• _Exercise aim_
Among the lines below, a stretch begins at the one with "Manufacturing Engineer Resume" and ends at the one with "Flying over Whitehaven Beach". Repeat that stretch exactly, ends included.

• _Provided data_
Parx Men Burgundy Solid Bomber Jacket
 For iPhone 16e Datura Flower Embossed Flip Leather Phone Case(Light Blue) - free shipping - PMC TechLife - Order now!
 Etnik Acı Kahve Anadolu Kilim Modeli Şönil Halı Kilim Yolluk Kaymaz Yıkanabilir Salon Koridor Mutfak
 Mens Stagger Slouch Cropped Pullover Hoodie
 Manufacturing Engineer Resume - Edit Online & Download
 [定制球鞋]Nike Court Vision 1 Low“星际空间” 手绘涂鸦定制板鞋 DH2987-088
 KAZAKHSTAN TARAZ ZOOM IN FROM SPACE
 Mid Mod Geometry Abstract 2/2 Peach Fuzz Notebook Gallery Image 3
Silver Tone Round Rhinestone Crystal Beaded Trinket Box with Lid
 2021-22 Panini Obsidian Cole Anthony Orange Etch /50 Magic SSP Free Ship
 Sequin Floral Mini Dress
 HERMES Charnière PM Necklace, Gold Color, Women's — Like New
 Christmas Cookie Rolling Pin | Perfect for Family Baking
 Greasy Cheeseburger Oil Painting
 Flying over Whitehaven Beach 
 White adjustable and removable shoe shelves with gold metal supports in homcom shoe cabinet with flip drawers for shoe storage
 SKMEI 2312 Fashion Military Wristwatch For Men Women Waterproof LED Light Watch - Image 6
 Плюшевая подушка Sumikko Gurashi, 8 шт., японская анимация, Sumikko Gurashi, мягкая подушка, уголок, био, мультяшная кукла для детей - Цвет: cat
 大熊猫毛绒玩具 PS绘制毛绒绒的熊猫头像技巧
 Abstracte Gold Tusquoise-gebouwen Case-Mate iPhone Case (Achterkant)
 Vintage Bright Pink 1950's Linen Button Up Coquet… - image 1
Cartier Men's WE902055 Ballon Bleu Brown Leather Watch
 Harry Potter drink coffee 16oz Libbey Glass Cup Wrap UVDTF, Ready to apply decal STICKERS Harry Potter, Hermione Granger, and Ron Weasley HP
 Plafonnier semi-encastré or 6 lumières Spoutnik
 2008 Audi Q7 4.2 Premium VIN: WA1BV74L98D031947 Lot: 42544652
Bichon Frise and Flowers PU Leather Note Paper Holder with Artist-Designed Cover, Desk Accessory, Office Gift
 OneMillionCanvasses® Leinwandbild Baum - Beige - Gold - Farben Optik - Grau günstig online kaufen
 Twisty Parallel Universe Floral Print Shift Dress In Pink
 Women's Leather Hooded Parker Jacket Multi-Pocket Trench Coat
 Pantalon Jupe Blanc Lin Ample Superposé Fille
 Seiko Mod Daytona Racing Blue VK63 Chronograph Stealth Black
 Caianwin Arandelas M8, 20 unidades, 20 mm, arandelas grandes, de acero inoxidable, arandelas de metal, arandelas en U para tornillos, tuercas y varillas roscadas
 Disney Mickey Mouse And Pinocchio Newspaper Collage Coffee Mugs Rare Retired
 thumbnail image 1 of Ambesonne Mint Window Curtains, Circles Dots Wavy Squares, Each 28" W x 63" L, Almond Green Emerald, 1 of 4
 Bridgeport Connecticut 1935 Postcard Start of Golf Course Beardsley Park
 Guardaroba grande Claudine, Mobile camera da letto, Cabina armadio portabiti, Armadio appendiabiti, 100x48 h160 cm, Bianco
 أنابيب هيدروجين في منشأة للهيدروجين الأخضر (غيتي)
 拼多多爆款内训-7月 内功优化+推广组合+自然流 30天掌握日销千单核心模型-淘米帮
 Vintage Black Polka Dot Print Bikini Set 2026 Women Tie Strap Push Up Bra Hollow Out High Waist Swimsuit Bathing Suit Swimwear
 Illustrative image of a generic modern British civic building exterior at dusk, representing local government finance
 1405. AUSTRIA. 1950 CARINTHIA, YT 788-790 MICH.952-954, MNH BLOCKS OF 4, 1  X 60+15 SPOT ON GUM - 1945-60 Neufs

• _Exercise result_
 Manufacturing Engineer Resume - Edit Online & Download
 [定制球鞋]Nike Court Vision 1 Low“星际空间” 手绘涂鸦定制板鞋 DH2987-088
 KAZAKHSTAN TARAZ ZOOM IN FROM SPACE
 Mid Mod Geometry Abstract 2/2 Peach Fuzz Notebook Gallery Image 3
Silver Tone Round Rhinestone Crystal Beaded Trinket Box with Lid
 2021-22 Panini Obsidian Cole Anthony Orange Etch /50 Magic SSP Free Ship
 Sequin Floral Mini Dress
 HERMES Charnière PM Necklace, Gold Color, Women's — Like New
 Christmas Cookie Rolling Pin | Perfect for Family Baking
 Greasy Cheeseburger Oil Painting
 Flying over Whitehaven Beach 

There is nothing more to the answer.